Written by Daisy Leverington


What the Motherguff am I doing?

Motherhood hasn’t come naturally to Daisy Leverington. Three years in and she remains wide-eyed, terrified and in awe of the little person for whom she’s responsible. Stay tuned to follow her parenthood progress.

July 2011. Two barely-open eyes, dark blue, judging, unimpressed, stared straight into mine. Neither of us moved. Her vision was based on movement, very much like the T-Rex.

We stared at each other, both unable to speak. I won’t lie, it was awkward.

Two days of tough labour and there she was, looking not unlike a little old man.
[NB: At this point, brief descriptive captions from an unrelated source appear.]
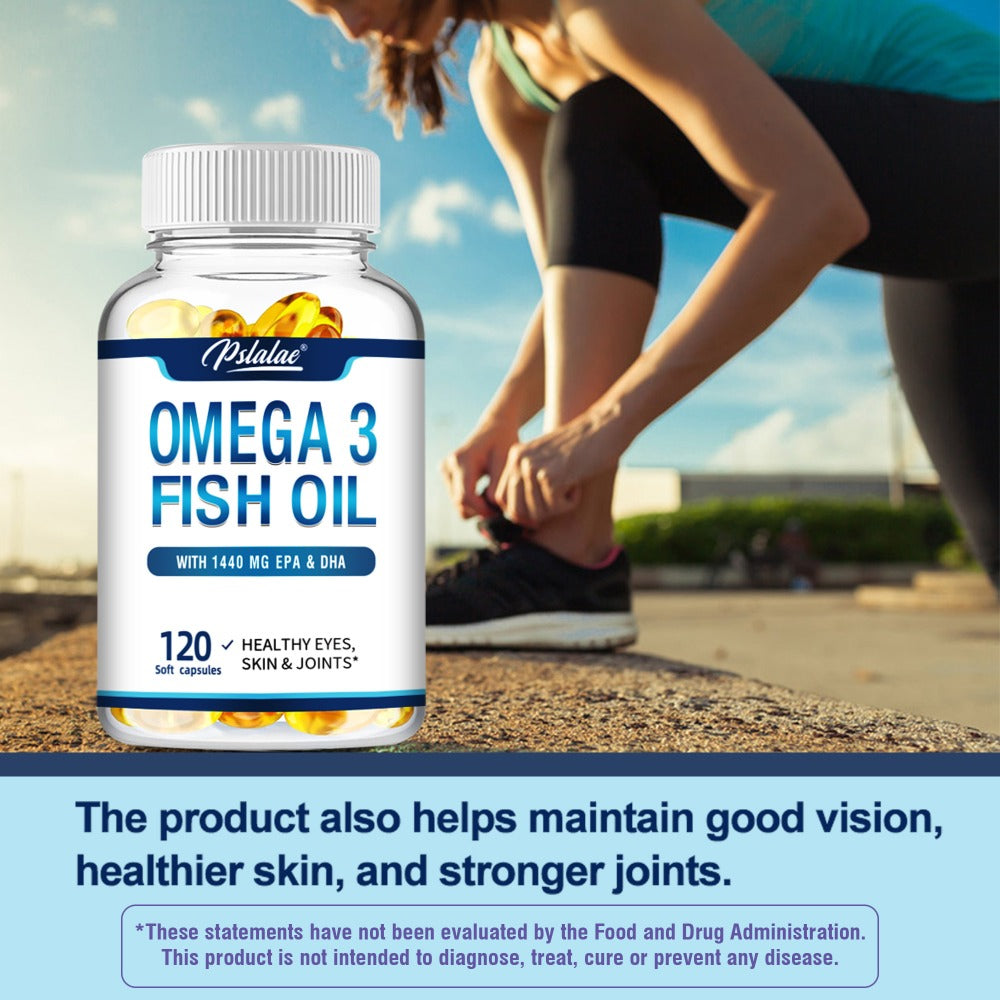 Triple Strength Omega-3 Fish Oil Softgels 120 Capsules with High-Potency EPA & DHA, Heart, Brain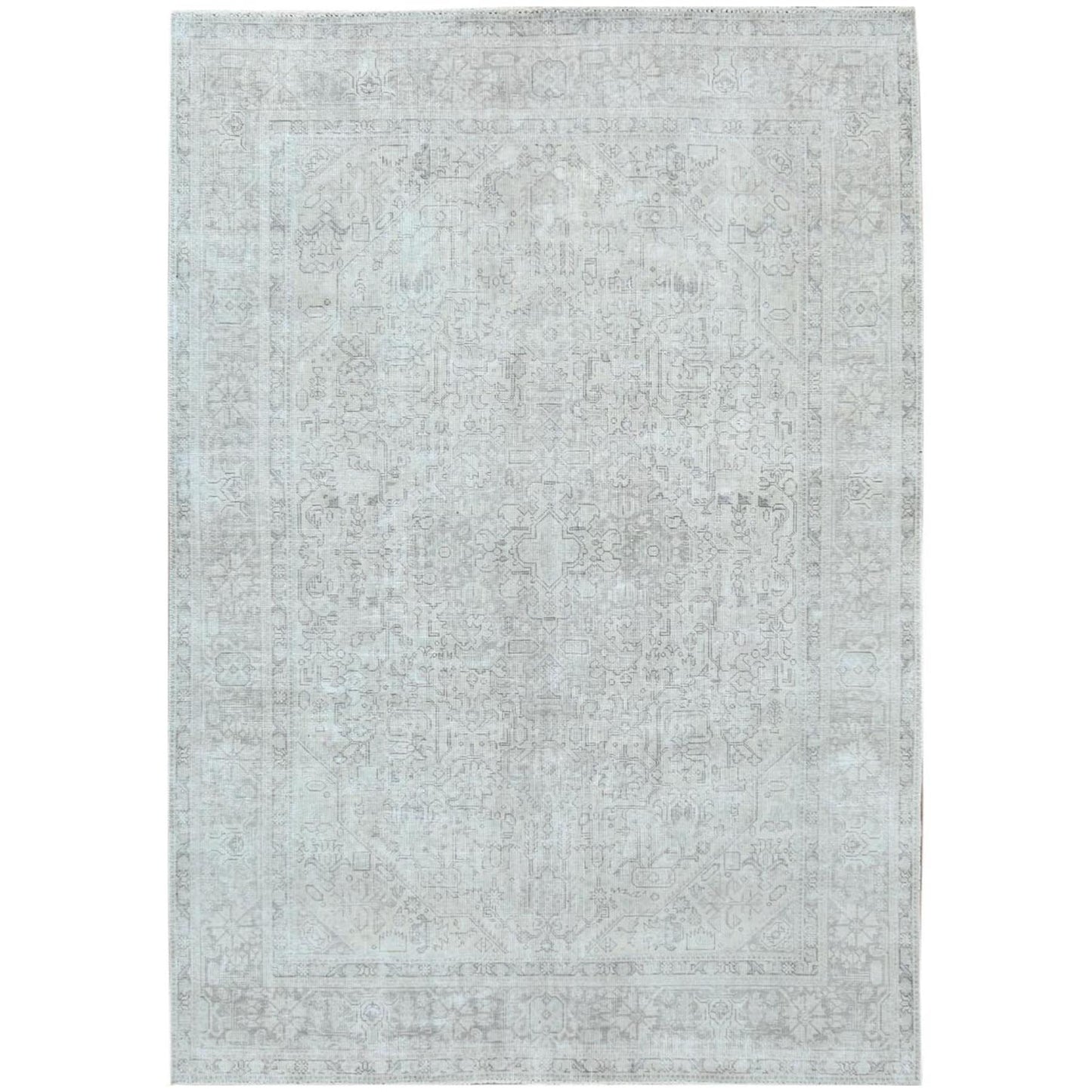 6'5"X9'4" Gray Old Farsian Hand Knotted Worn Down Wool Distressed Rug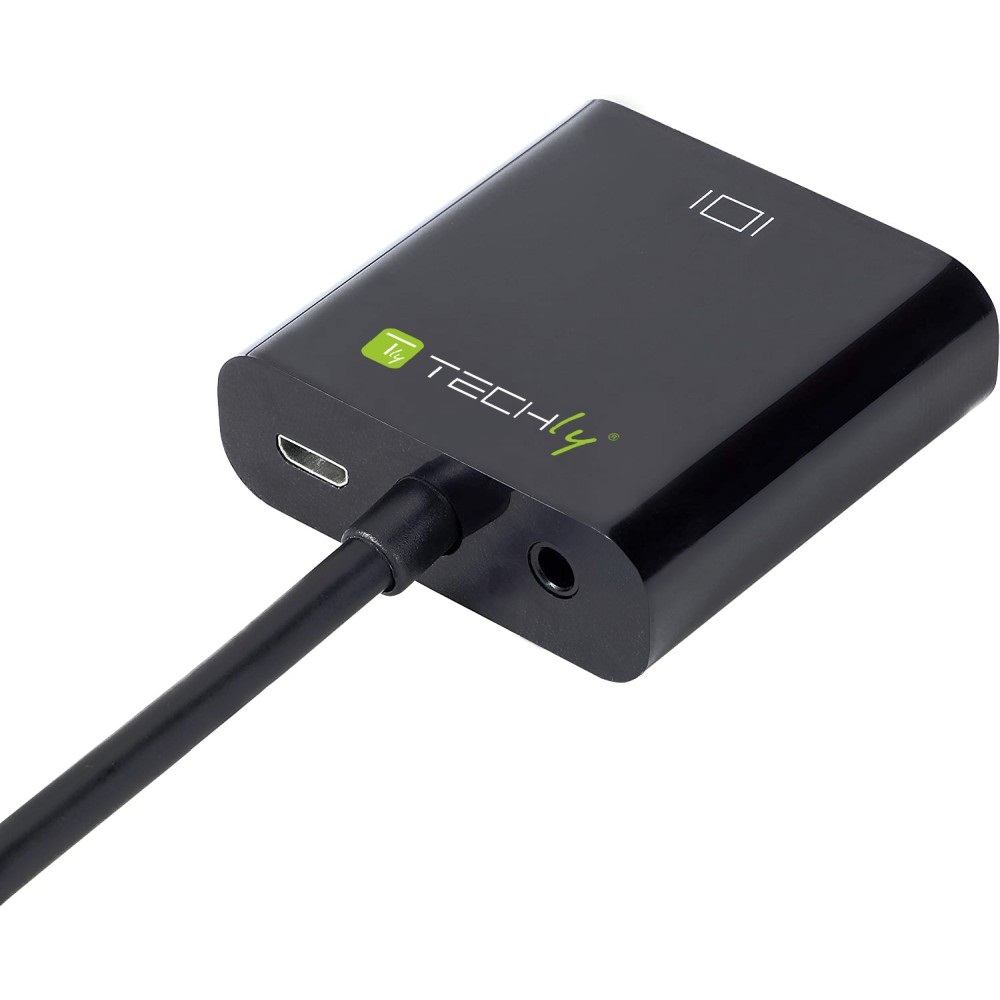 Techly IDATA HDMI-VGA2AU Adattatore HDMI a VGA con Audio e Micro USB, 0,15 m, Risoluzione 1920x1080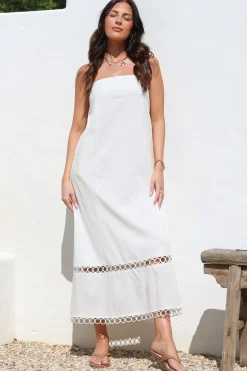 Edna Maxi Dress - Strapless A-Line Dress with Lace Insert and Trim in Cream><noscript><img width=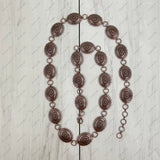 BLT220630-01-SILVER        39 Inches long silver metal flower conchos adjustable chain belt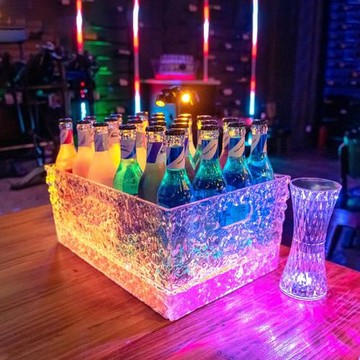 發光冰紋冰桶ktv香檳酒吧用品啤酒框透明雞尾酒科羅娜發光冰桶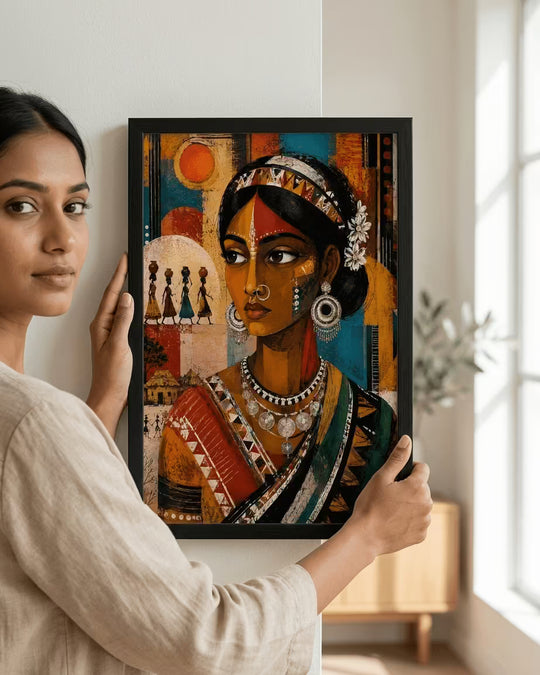 Lifestyle mockup showing a person holding a framed Santhal Indian folk culture art print featuring a traditional tribal woman portrait for wall decor size reference.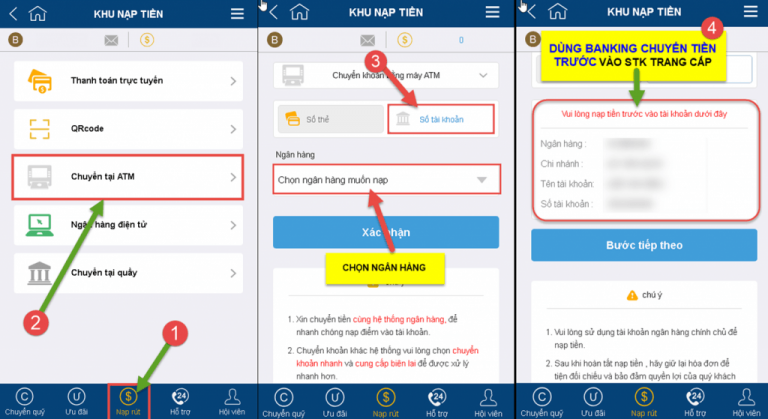 Nap tiền qua hình thức banking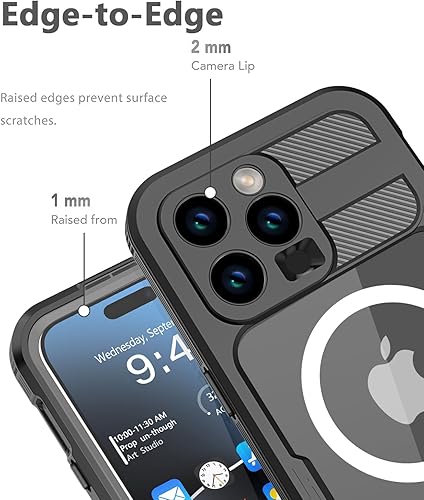 Miniatura 3 de Diseño para iPhone 15 Pro Max Funda impermeable de 6.7 pulgadas, cuerpo completo protector a prueba de golpes a prueba de polvo para iPhone 15 Pro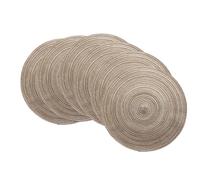 Lot de 6 Sets de Table Ronds 38cm en Coton Tressé Fait Main Gamp - Faciles à Nettoyer avec Finition Pailletée pour Fêtes, Mariages et Réceptions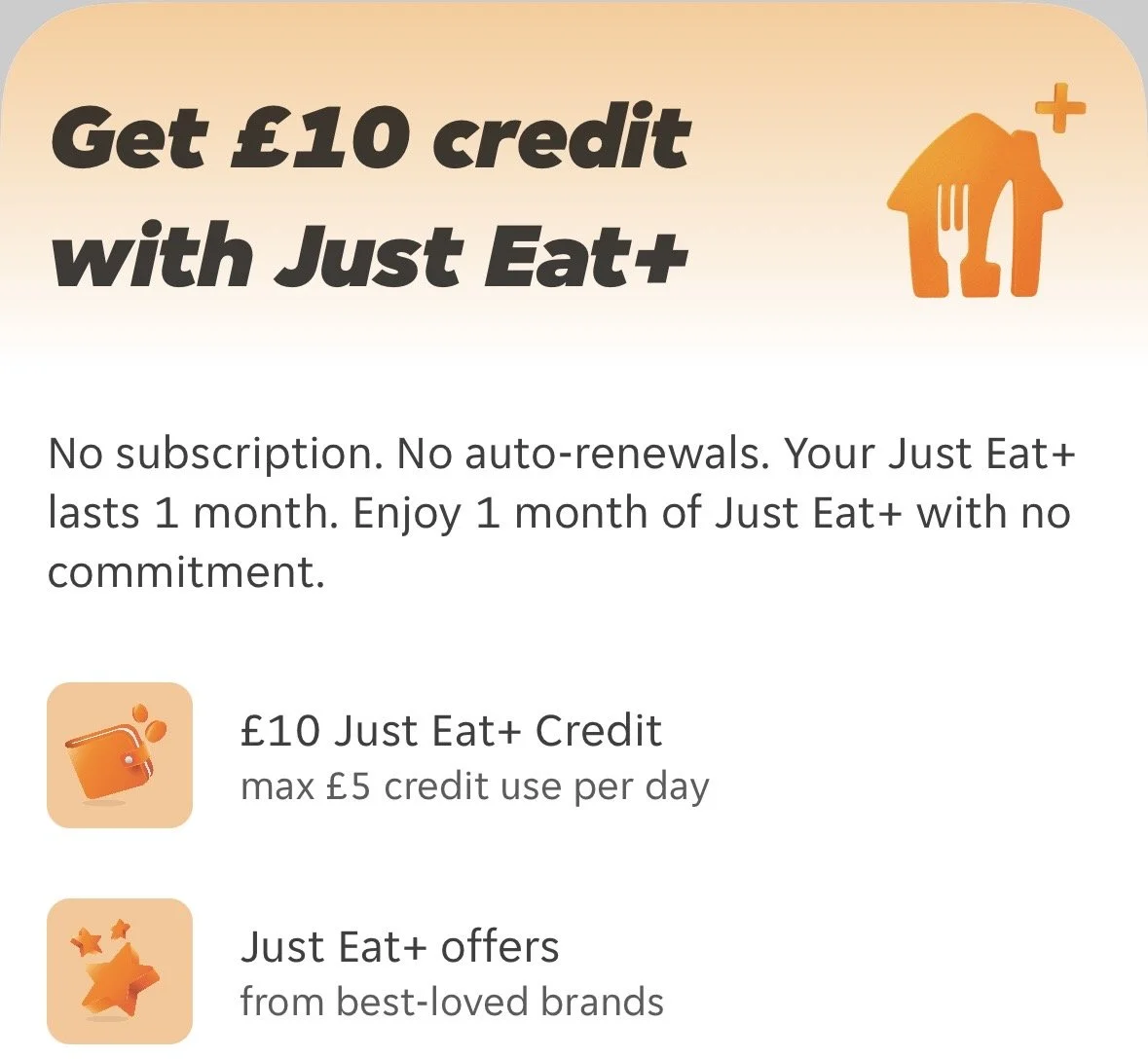 Get £10 credit with Just Eat+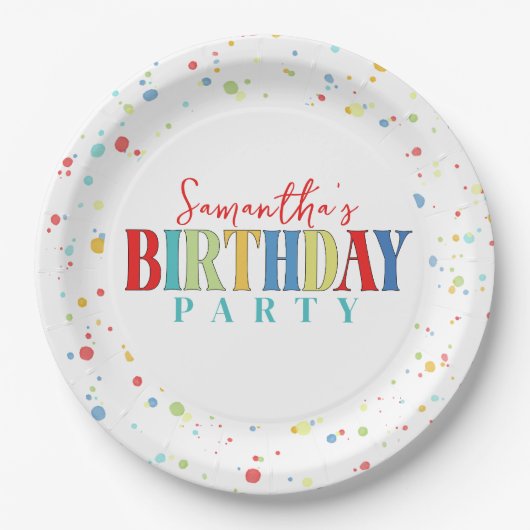Birthday Colorful Confetti Whimsical Kalligraphie Pappteller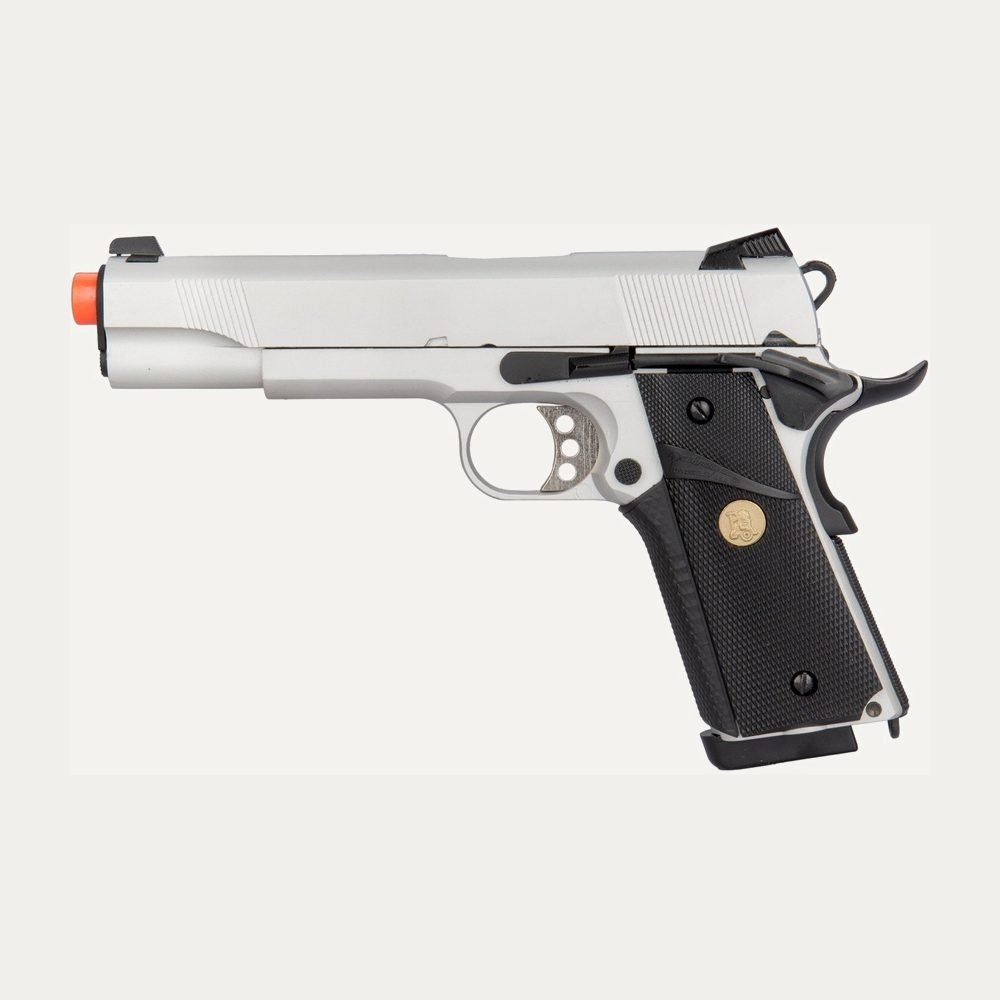 Pistola Airsoft Double Bell 1911 Full Metal GBB – Plateada (Ref. 784Y)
After a while my newborn daughter took control of the situation and made for my boobs.

No paternity test required after all.

Getting her out had been tricky. Upwards of 17 people had a good root around my Valerie, including the fear (but not baby)-inducing Dr Fisty. He was a JOY.

In the end, they called it a ‘rotational forceps delivery’, I called it ‘just been punched in the fanny’. Add three sleepless days of contractions to the traumatic 48-hour labour and we were exhausted.

Three years later and me and my pelvic floor are still nervous around trampolines.

My daughter, on the other hand has just announced, “Ladies and Gentlemen! Welcome to the show!” before twerking around the lounge wearing nothing but a smile.

It seems I’ve given the world another Miley Cyrus, and I’m not sure what to do other than applaud.

Motherhood, eh? Hours of fun. Photo by Jenny Rollo.

She seems very much more assured than I feel. She is bossy and full of ideas. She is interesting and funny and will go to any lengths to make you laugh. She’s moody and grumpy, and rolled out the F-word last week, in perfect context, at the cat.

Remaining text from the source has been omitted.